* [Your objective] Quote the records beneath, complete and exact. Leave out images.

* [Information supplied]
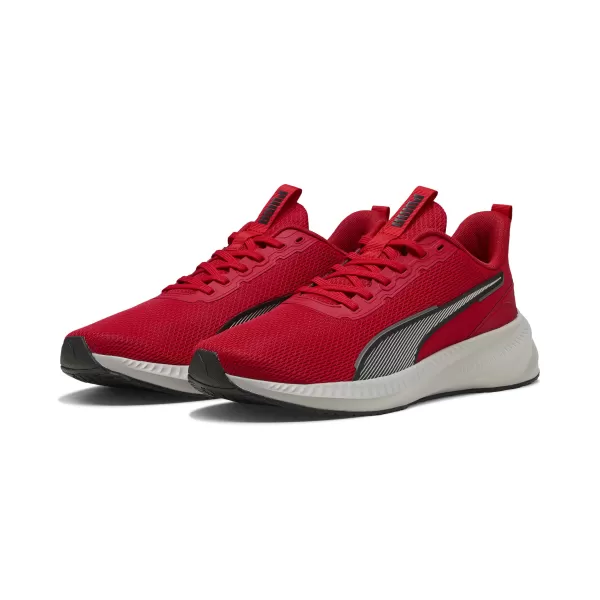  Škornji PUMA FLYER LITE 3 310797_29 ZA VSE ČASE RDEČA/HLADNA LUČ 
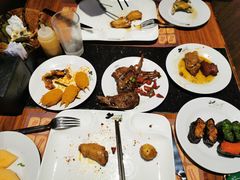 -汉巴味德(大悦城店)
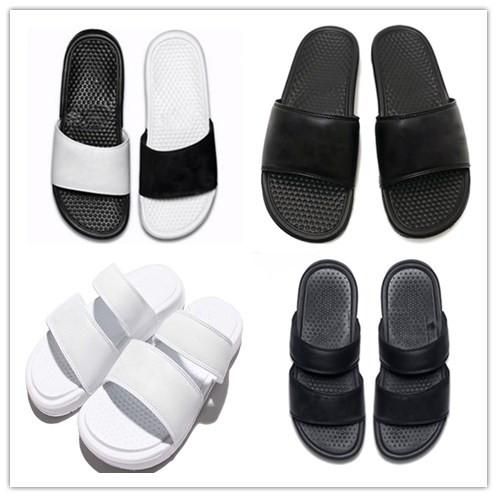 Zapatilla Paint Black Chancleta Zapatilla Paint Black Chancleta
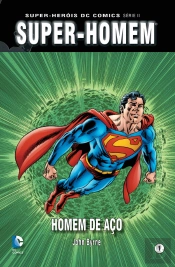 Super-Homem - Homem de Aço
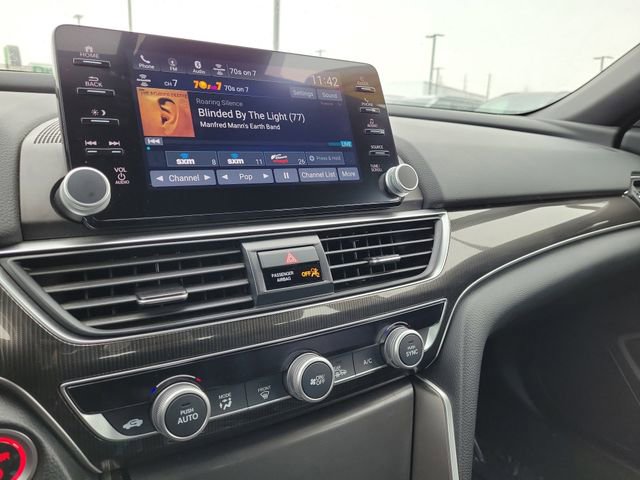Used 2022 Honda Accord Sport image 27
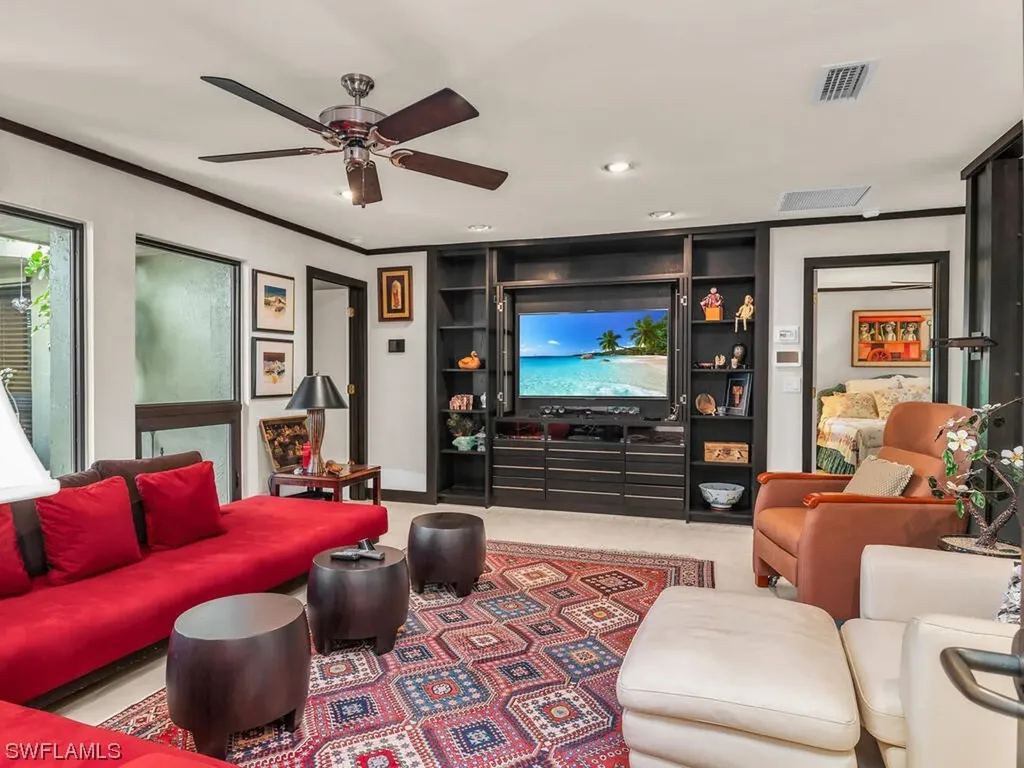 361 Polynesia Court Marco Island FL 34145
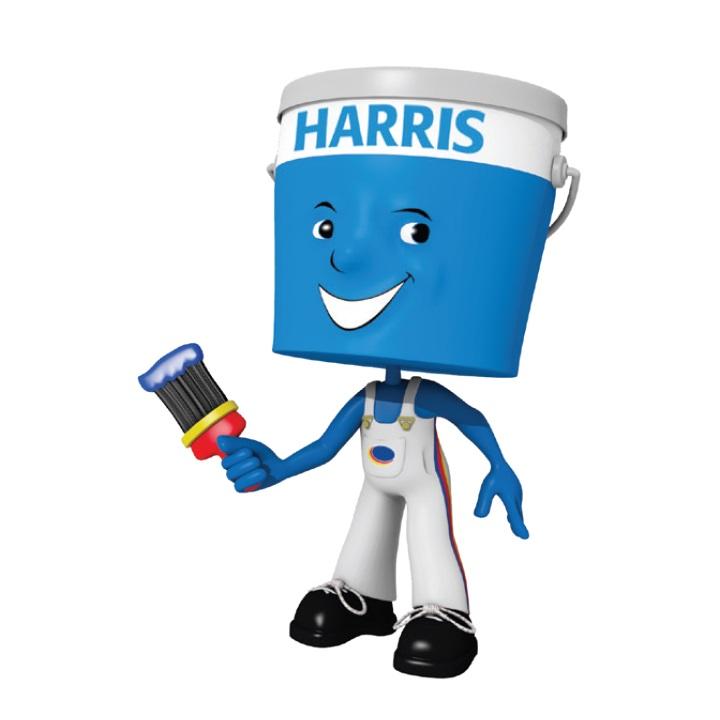 Harris Paints Dominica Ltd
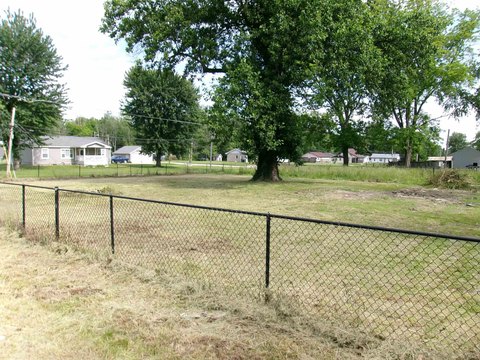Residential Land - Linton, IN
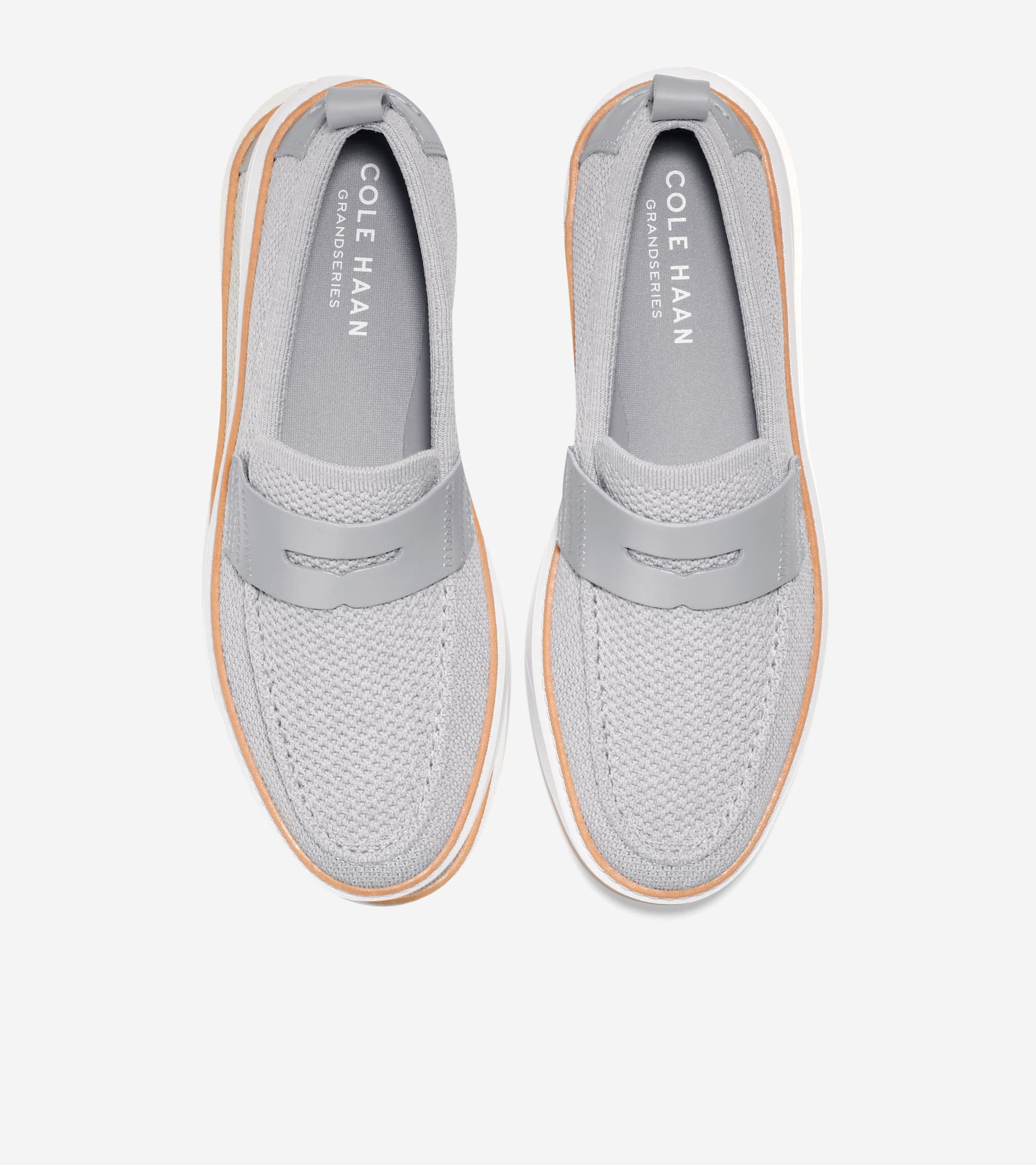 Men's GrandPrø Topspin Penny Loafer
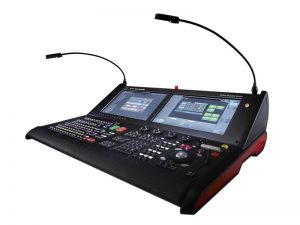 Kontroller - Barco EC-210 Event Master Controller (Neuware) kaufen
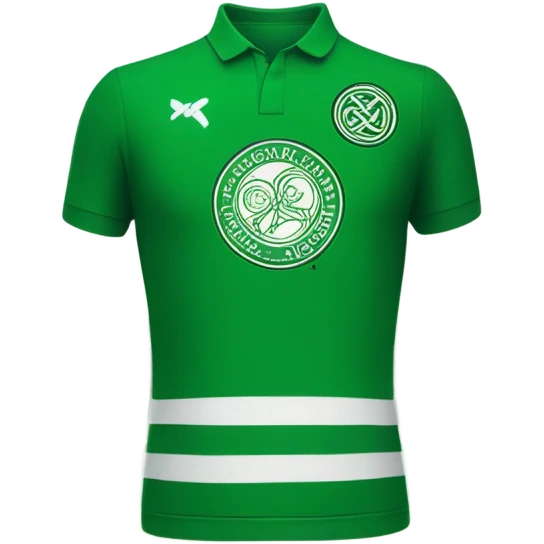 Celtic fc emoji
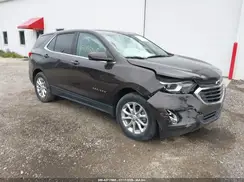 2GNAXJEV8L6207135 2020 CHEVROLET EQUINOX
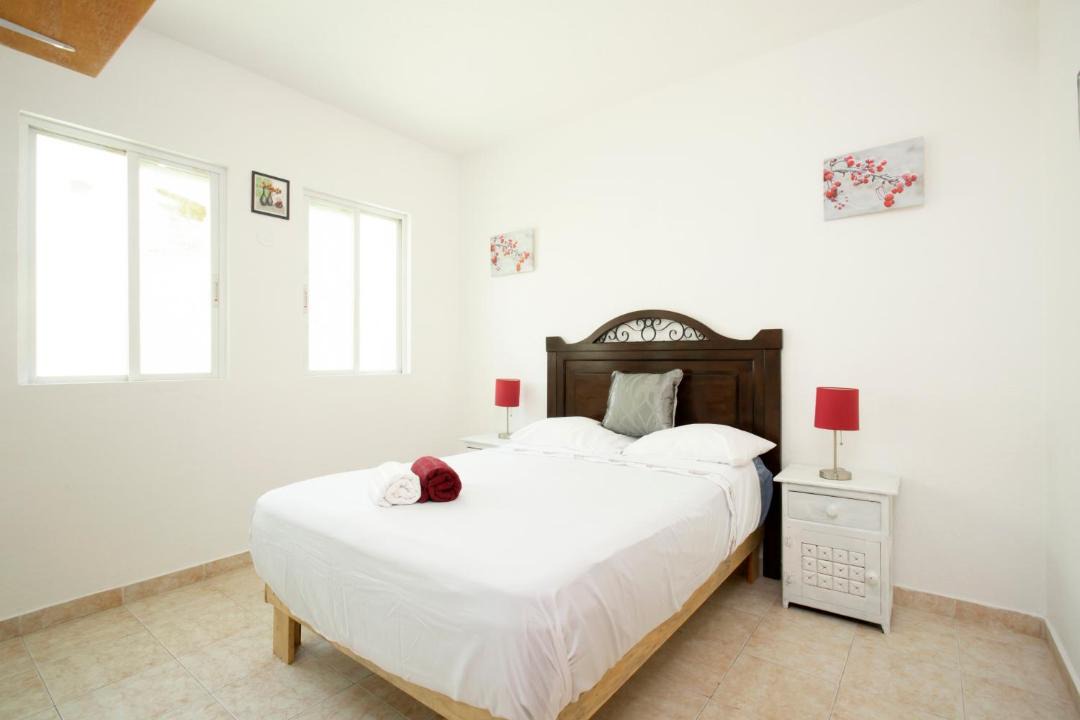 Photo of Bedroom in Gonzalo Guerrero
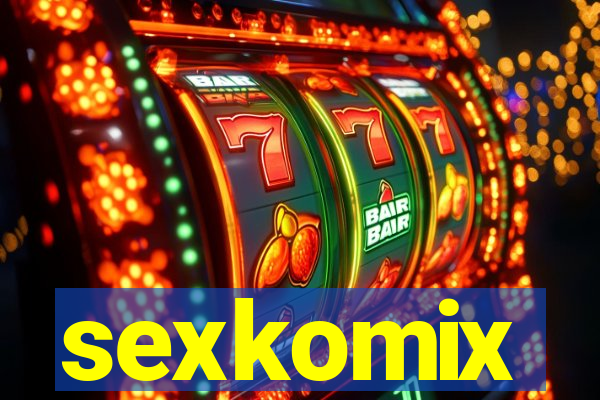 sexkomix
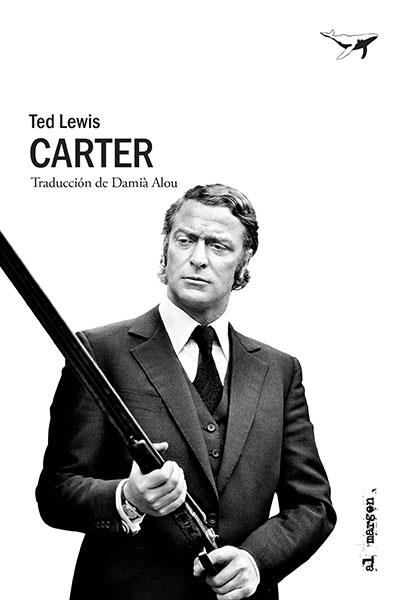 Carter | 9788494680908 | Lewis, Ted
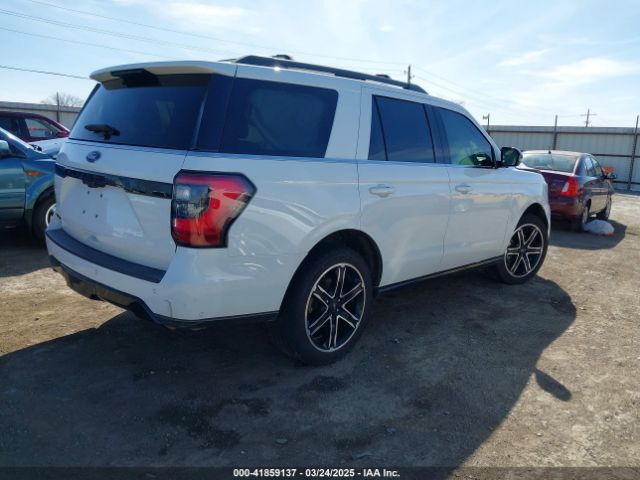 1FMJU2AT4LEA98501 Ford Expedition Limited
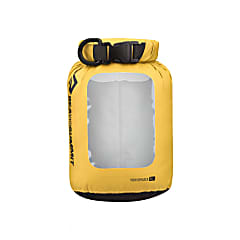 Sea to Summit VIEW DRY SACK 1L, Yellow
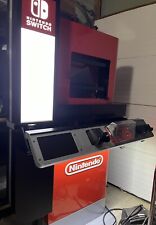 Nintendo switch kiosk for sale  Forked River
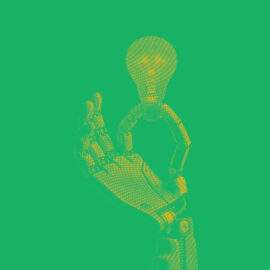 CRO – AI as GTM Accelerant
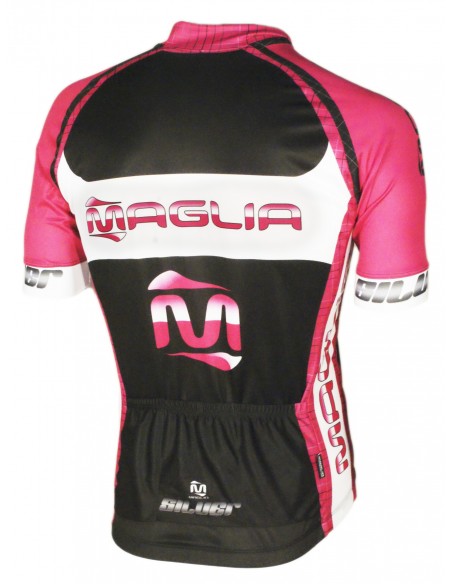 Maillot Corto Silver 2016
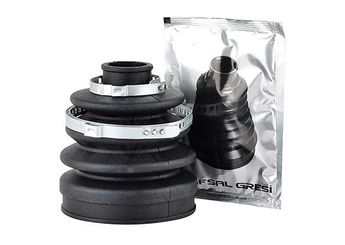 Aks Körüğü Ön Dış Sağ veya Sol FKK 6103  4950925D00 49509-25D00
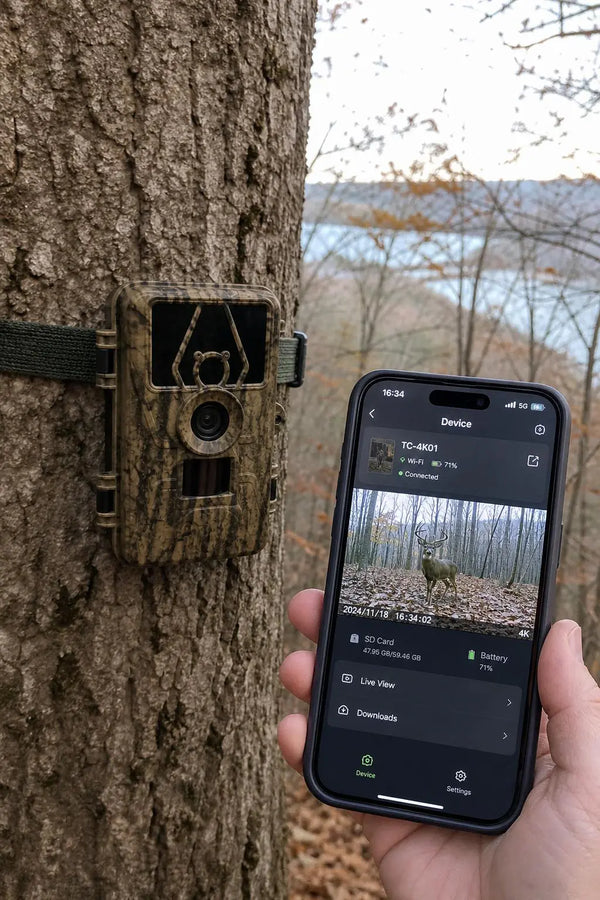 SightForest customer review photo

* [Exercise solution]
  Škornji PUMA FLYER LITE 3 310797_29 ZA VSE ČASE RDEČA/HLADNA LUČ 
 -汉巴味德(大悦城店)
 Zapatilla Paint Black Chancleta Zapatilla Paint Black Chancleta
 Super-Homem - Homem de Aço
Used 2022 Honda Accord Sport image 27
 361 Polynesia Court Marco Island FL 34145
 Harris Paints Dominica Ltd
Residential Land - Linton, IN
 Men's GrandPrø Topspin Penny Loafer
 Kontroller - Barco EC-210 Event Master Controller (Neuware) kaufen
 Celtic fc emoji
 2GNAXJEV8L6207135 2020 CHEVROLET EQUINOX
 Photo of Bedroom in Gonzalo Guerrero
 sexkomix
 Carter | 9788494680908 | Lewis, Ted
 1FMJU2AT4LEA98501 Ford Expedition Limited
 Sea to Summit VIEW DRY SACK 1L, Yellow
 Nintendo switch kiosk for sale  Forked River
 CRO – AI as GTM Accelerant
 Maillot Corto Silver 2016
 Aks Körüğü Ön Dış Sağ veya Sol FKK 6103  4950925D00 49509-25D00
 SightForest customer review photo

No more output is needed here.